Nastasia Rugani c’est cette jeune femme, peau de porcelaine, cheveux noirs en bataille, et le regard clair, les lèvres en un sourire timide. C’est l’autrice de Milly Vodović, de Tous les héros s’appellent Phénix et de tant d’histoires, de souvenirs, de morceaux d’elle, de personnages ou d’ailleurs qui n’ont pas encore traverser le papier. Une enfance merveilleuse passée « à faire des bêtises dans la nature », le goût pour les coccinelles, le battement d’ailes des papillons et les pas dans la neige. Si on creuse un peu derrière le personnage de Milly il y a Nastasia. La petite fille qui a grandi dans une ville du nord-est de la France entre générosité et racisme, entre Algérie et Croatie, catholique et musulman n’est pas sans rappeler celle de Birdtown, une dizaine d’année après l’explosion des tours jumelles dans ce sud américain rude et tendre à la fois. Ambiguité. Différence. Tolérance.
Ce sont autant de mots qui correspondent à l’autrice et ses personnages.

Dans un entretien fleuve avec Chloé Mary, la nouvellement mancelle le dit clairement : « grandir est pour moi l’une des étapes les plus incompréhensibles de la vie. Et je me rends compte, même après être devenue adulte, que l’incompréhension reste totale. Au-delà du développement physique, je n’arrive pas à déterminer pourquoi quelqu’un, un jour, a choisi d’abandonner l’enfance. Ce monde de soucis, de factures, de choses qui n’ont aucune importance dans le cours de l’existence, ça me dépasse. Pour Milly, grandir est une abomination.»

Ces va et viens réguliers entre son personnage et l’autrice laissent entrevoir un monde de couleur et de noirceur où la mort, loin d’être une finalité, peut tout aussi bien être un renouveau, une renaissance. Dans Milly Vodović, pas de feel-gooding, ou de roman « chaise longue », mais plutôt une littérature jeunesse en dents de scie, en aspérités, en creux et bosses. En enfance ou en adolescence, ces deux périodes charnières qui ne sont que les plus vives et les plus douloureuses de notre existence. « Je revendique le droit aux mauvais jours, à la noirceur » dit-elle, échappant aux morsures de la bien-pensance, aux gouffres du bonheur factrice et à la non moins attrayante tête de licorne. Tous ces artifices ne sont ni pour Nastasia ni pour Milly, ce n’est que de la poudre aux yeux, un truc pour se voiler la face, un machin-chose pour faire oublier au monde à quel point il est compliqué de grandir, d’aimer, d’écrire, de sourire.
Il y a comme une mise en scène programmée de la mort du bonheur éternel dans Milly Vodović au profit des bonheurs simples, fugaces, éphémères. Et des douleurs humaines, profondes, sensibles.

Cette sensibilité, l’autrice nous enjoint à l’éprouver, non pas à travers des phrases sans queue ni tête (parfois même sans corps), mais plutôt dans le rouge des coccinelles, dans les mondes-fleurs, dans les arbres-cachettes. Dans la douleur de Milly. Dans la revendication de Douglas. Dans l’incompréhension de Swan. Mais aussi dans les corps, ceux qui s’usent, ceux qui ploient, ceux qui grandissent. Ceux qui restent entre-deux dans ce désir ardent de rester là, ici, maintenant, sans sexe, sans identité, d’être enfant, adolescent, animal, mamifère. Un désir ardent de n’être rien et tout à la fois.

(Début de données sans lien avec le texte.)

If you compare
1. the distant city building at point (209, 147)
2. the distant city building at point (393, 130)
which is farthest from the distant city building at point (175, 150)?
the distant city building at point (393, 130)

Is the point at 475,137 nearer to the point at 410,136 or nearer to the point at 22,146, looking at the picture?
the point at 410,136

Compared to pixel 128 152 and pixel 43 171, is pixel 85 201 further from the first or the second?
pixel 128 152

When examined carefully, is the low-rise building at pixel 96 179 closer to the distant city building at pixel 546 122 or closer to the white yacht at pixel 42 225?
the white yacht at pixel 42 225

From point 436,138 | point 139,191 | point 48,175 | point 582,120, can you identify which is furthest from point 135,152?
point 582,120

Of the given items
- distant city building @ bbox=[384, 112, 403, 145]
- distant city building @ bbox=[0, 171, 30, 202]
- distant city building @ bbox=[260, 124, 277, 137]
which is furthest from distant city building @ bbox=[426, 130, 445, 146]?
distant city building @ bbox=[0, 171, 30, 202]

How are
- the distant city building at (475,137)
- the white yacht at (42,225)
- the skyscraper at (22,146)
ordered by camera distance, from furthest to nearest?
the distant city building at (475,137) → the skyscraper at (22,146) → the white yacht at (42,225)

Incisive, sombre, poétique, métaphorique, angoissante, magique, l’écriture de Nastasia ne plaira pas à tout le monde mais elle vient de là où tout se produit, du tréfond de l’âme, là où tout est plus opaque, mais aussi plus vif, plus dangereux. Il y a quelque chose de cette ambiance que l’on retrouve lorsqu’on lui parle au détour d’un salon et auquel la couverture de Jeanne Macaigne rend parfaitement hommage dans ses nuances rouges, jaunes, oranges, saisissantes sur ce fond noir et profond.

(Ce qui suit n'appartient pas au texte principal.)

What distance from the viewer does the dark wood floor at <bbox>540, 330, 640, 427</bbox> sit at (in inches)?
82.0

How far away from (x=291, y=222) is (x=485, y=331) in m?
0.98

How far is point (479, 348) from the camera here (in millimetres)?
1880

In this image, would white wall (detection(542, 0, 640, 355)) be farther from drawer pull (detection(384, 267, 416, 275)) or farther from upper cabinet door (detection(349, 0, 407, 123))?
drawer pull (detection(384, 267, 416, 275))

Après avoir exploré les thèmes de la famille, des mensonges, de la maltraitance, de la tolérance, de l’oubli, du pardon, de l’enfance, nous sommes impatients d’en découvrir davantage sur cette autrice hors du commun qui nous promet de grandes choses. Et si grandir l’effraie, espérons que ce ne sera pas le cas de son oeuvre afin qu’on la couronne encore et toujours plus de papier.